Vice presidents usually sing in harmony, if not in unison, with their boss. But there are times when the No. 2 voice in the administration is most effective in counterpoint.
Vice President Dick Cheney has been especially effective in this role, often playing the "bad cop" when President Bush has chosen a softer, more sympathetic tone.
So it was again this week, when the two men defended the administration's goals and policies using highly disparate styles.
In his national address and news conference this week, President Bush several times struck a note of humility. He admitted mistakes had been made and said he understood the questioning and the criticism prompted by bad intelligence leading up to the war in Iraq and by revelations of domestic, warrantless surveillance of U.S. citizens.

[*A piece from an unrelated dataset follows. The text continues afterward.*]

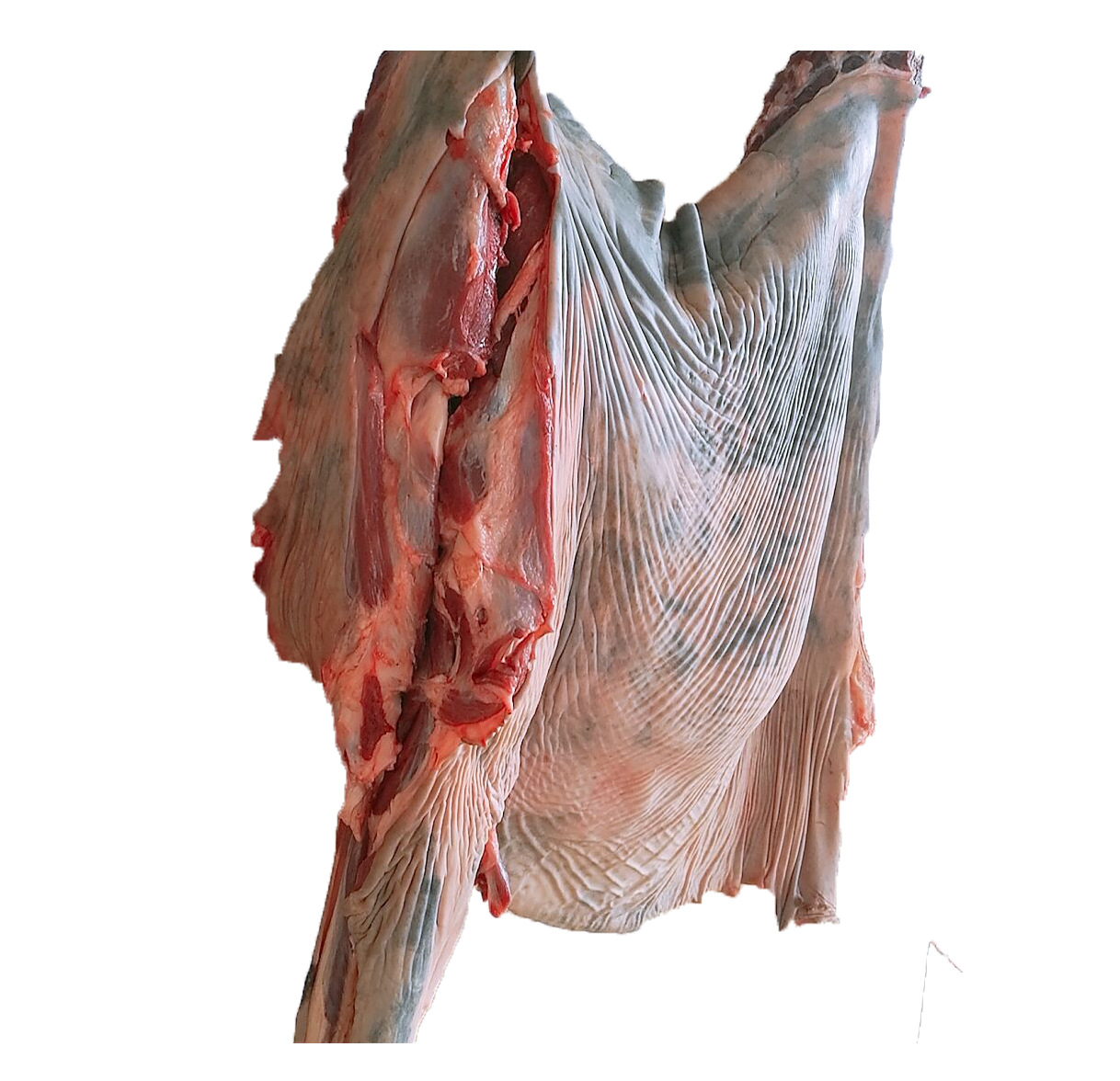 5 标签:肋骨肉类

But while the president sounds conciliatory, the vice president continues to make his arguments in his own way. And that means there's not a whiff of humility nor an ounce of effort to mask intention.
This was the message when the vice president met with reporters covering his trip to the Middle East this week. Reporters on one flight asked about the big story back in Washington. Did the administration really have the right to pursue domestic surveillance without a warrant? Cheney provided a history lesson — much of which he could say he learned first hand.
He complained that the 1973 War Powers Act, which put restrictions on the president's authority to launch military action without congressional approval, was "an infringement upon the authority of the president." The law, Cheney said, may be "unconstitutional."
Cheney noted that what he called these "limitations" on executive power were put in place during the denouement of the Vietnam War and the early phases of the Watergate scandal. A weakened President Richard M. Nixon vetoed the bill but Congress overrode that veto. The following year, Nixon resigned.
Cheney served in the administration of Nixon's successor, Gerald R. Ford, rising to be White House chief of staff. He saw the effects of the hamstrung presidency at close range.
Later, as a U.S. House member from Wyoming, Cheney was part of the congressional investigation of the Iran-Contra scandal. That controversy arose because officials of Ronald Reagan's administration went around the 1982 law limiting U.S. assistance to anti-communist guerrilla groups in Central America.
When the Iran-Contra probe produced its report in 1987, Cheney's staff helped write the dissenting minority report. He says that dissenting document was "very good in laying out a robust view of the president's prerogatives."
According to the minority report, the White House made some "mistakes" during the scandal, which transferred funds weapons sales to Iran to support the Contras in Nicaragua. But some of the mistakes, it said, "resulted directly from an ongoing state of political guerrilla warfare over foreign policy between the legislative and executive branches."
The report laid much of the blame on the opposition: "Congressional Democrats tried to use vaguely worded and constantly changing laws to impose policies in Central America that went well beyond the law itself," the report said. "For its own part, the Administration decided to work within the letter of the law covertly."
Working "within the letter of the law covertly" is one way to describe the recent actions of the Bush administration regarding the handling of detainees and the gathering of intelligence. Critics of the administration have questioned whether these covert actions were in fact "within the letter of the law," much as investigators did in the Iran-Contra case.
After raising the report in his session with reporters, Cheney summed up by saying that, especially in the area of national security, "the President of the United States needs to have his constitutional powers unimpaired."
He added that he and President Bush have worked hard in their five years in office to make sure those powers are unimpaired, and that he believes they've had some success.
Few would quibble with that assessment. Their success began in the early days of 2001 and the struggle over the task force on energy policy. Democrats wanted to know who was advising the White House on the issue, but Cheney, who ran the panel, refused to disclose the names.
He and President Bush insisted that people serving in the executive branch have a legal right to get private advice from whomever they want. To divulge details of such discussions, their argument went, would make advice-givers less willing to speak candidly.
Ever since, the administration's devotion to its prerogatives and control of information has been its hallmark.
"I do think that to some extent now, we've been able to restore the legitimate authority of the presidency," Cheney said.
The phrase "to some extent" gives an idea of where the White House wants to go in the future. Observers of the president and vice president never doubted this was their thinking. But it falls to the vice president to articulate it so plainly.